Qwest Loses Forbearance

Qwest had a forbearance petition in at the FCC for the Phoenix metro area. It was denied by the FCC last week. It was denied in 2008 by Martin's commission as well.

Qwest claims that cable, VoIP and cellular are stealing all the market share. I don't know what the market breakdown is because Qwest did not share that data with the FCC or the public. (Hence, the denial).

Why is it that every time the FCC rules against an ILEC, the response is the same: "Ultimately, the FCC's decision will undermine competition in Phoenix instead of promoting it."

Can someone explain that statement from Qwest to me?

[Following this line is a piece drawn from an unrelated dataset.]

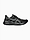 Bild von Buty męskie do biegania Asics Versablast 4 1011B984 001 Produktvariante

How does continued regulation of Qwest undermine competition?

If we have learned anything it is that Duopoly is NOT competition. And forbearance would have meant duopoly like it did in Omaha in 2005.

Qwest's two biggest problems are that they do not have a cellular division and they can't get out of the monopoly mindset.

Not having a fiber play in Phoenix like FTTN or FTTH means that their triple-play is weak compared to cable. DSL speeds and DirecTV means less revenue for Qwest.

If I had to run Qwest and lost this forbearance petition, I would be mad. Mad at the previous CEO's for selfish, short-sighted policies that drove the USWest-Qwest ship into the arms of a CenturyLink take over. All those fiber routes and data centers without a clear strategy on how to be profitable long-term in a data-centric landscape where cloud, CDN and collocation are booming. Maybe Sprint and Qwest execs can lament together on the number of ships that left the dock that they missed out on.